In [None]:
%matplotlib inline
from matplotlib import pyplot as plt
import numpy as np
import keras
from keras import backend as K
from keras.models import Sequential
from keras.layers.core import Dense, Dropout, Activation, Flatten
from keras.layers.convolutional import Convolution2D, MaxPooling2D
from keras.optimizers import SGD
from keras.utils import np_utils
from keras.objectives import categorical_crossentropy
from keras.datasets import mnist

In [None]:
batch_size = 5000

%time (X_train, y_train), (X_test, y_test) = mnist.load_data()

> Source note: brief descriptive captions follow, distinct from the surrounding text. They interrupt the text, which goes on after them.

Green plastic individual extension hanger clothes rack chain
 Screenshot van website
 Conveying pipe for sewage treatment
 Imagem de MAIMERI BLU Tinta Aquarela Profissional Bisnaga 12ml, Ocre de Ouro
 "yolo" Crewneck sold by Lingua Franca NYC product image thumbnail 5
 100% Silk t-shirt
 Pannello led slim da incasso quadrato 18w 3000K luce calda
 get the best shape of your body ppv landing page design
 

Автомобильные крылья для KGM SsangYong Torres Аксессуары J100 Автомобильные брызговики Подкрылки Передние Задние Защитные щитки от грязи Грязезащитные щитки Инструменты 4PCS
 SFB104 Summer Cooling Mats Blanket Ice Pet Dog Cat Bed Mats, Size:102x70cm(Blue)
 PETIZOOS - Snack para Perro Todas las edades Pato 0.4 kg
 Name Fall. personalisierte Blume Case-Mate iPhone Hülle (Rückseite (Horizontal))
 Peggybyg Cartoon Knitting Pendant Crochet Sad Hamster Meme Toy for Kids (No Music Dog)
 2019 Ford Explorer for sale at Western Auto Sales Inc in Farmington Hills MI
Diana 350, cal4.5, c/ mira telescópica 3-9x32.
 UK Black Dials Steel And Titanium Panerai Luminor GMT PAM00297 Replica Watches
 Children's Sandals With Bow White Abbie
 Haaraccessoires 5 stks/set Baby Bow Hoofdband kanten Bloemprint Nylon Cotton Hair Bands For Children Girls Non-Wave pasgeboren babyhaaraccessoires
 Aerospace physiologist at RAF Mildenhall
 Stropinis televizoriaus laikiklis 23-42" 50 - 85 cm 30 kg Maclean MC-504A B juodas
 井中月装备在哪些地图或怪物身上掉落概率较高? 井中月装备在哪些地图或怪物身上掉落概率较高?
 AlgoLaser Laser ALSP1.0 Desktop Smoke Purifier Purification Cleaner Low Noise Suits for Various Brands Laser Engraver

X_train = X_train.reshape(-1, 784)
X_test = X_test.reshape(-1, 784)
X_train = X_train.astype('float32')
X_test = X_test.astype('float32')
X_train /= 255
X_test /= 255
print(X_train.shape[0], 'train samples')
print(X_test.shape[0], 'test samples')

In [None]:
def Hbeta(D, beta):
    P = np.exp(-D * beta)
    sumP = np.sum(P)
    H = np.log(sumP) + beta * np.sum(np.multiply(D, P)) / sumP
    P = P / sumP
    return H, P

def x2p(X, u=15, tol=1e-4, print_iter=500, max_tries=50, verbose=0):
    # Initialize some variables
    n = X.shape[0]                     # number of instances
    P = np.zeros((n, n))               # empty probability matrix
    beta = np.ones(n)                  # empty precision vector
    logU = np.log(u)                   # log of perplexity (= entropy)
    
    # Compute pairwise distances
    if verbose > 0: print('Computing pairwise distances...')
    sum_X = np.sum(np.square(X), axis=1)
    # note: translating sum_X' from matlab to numpy means using reshape to add a dimension
    D = sum_X + sum_X[:,None] + -2 * X.dot(X.T)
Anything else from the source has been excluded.